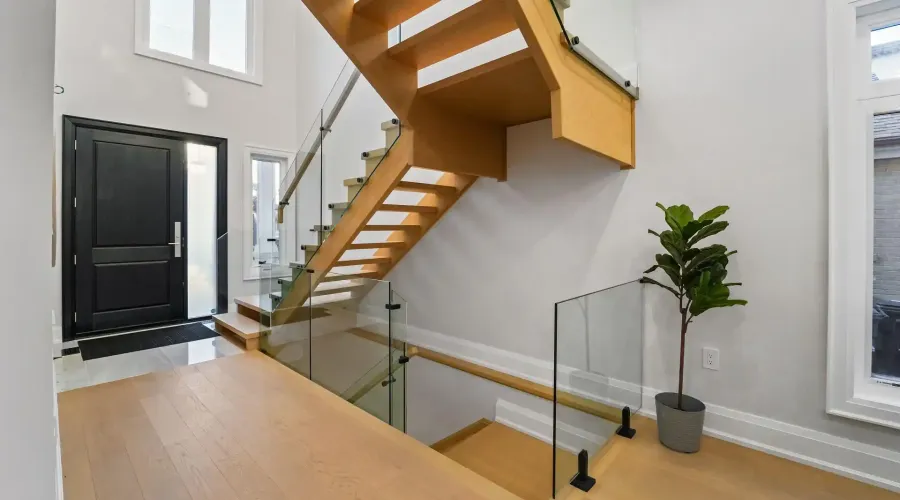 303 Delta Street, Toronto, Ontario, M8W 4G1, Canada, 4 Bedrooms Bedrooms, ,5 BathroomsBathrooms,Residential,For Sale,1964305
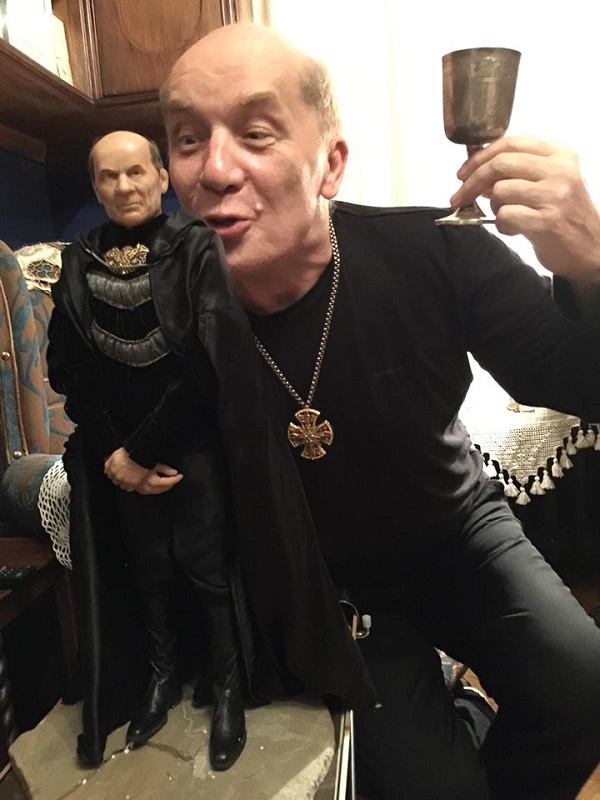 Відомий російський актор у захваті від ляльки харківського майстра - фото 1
☆ ☆ ☆ ☆
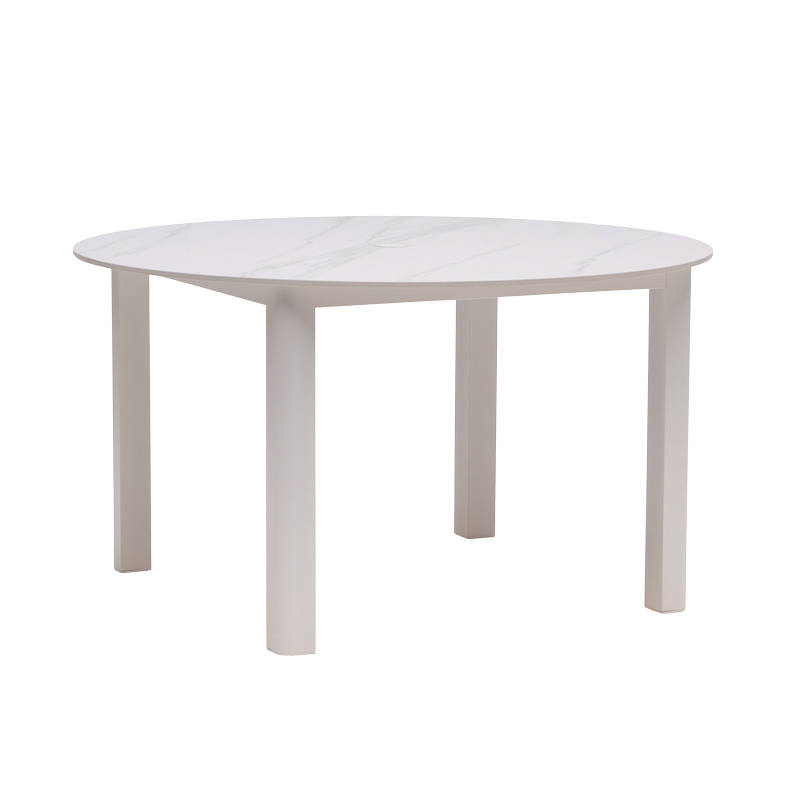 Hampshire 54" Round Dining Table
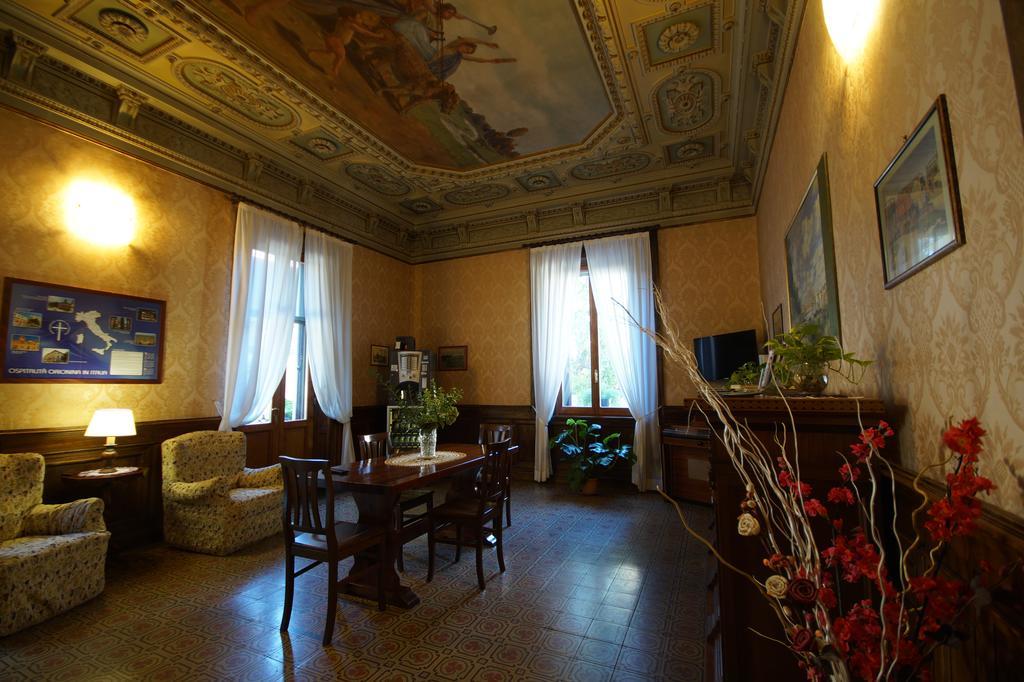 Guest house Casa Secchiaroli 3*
☆ ☆ ☆ ☆
> **Activity**
Using the listing above, restate exactly the range between the lines holding "303 Delta Street, Toronto, Ontario, M8W" and "Відомий російський актор", inclusive, with pictures left out.

> **The completed task**
 303 Delta Street, Toronto, Ontario, M8W 4G1, Canada, 4 Bedrooms Bedrooms, ,5 BathroomsBathrooms,Residential,For Sale,1964305
 Відомий російський актор у захваті від ляльки харківського майстра - фото 1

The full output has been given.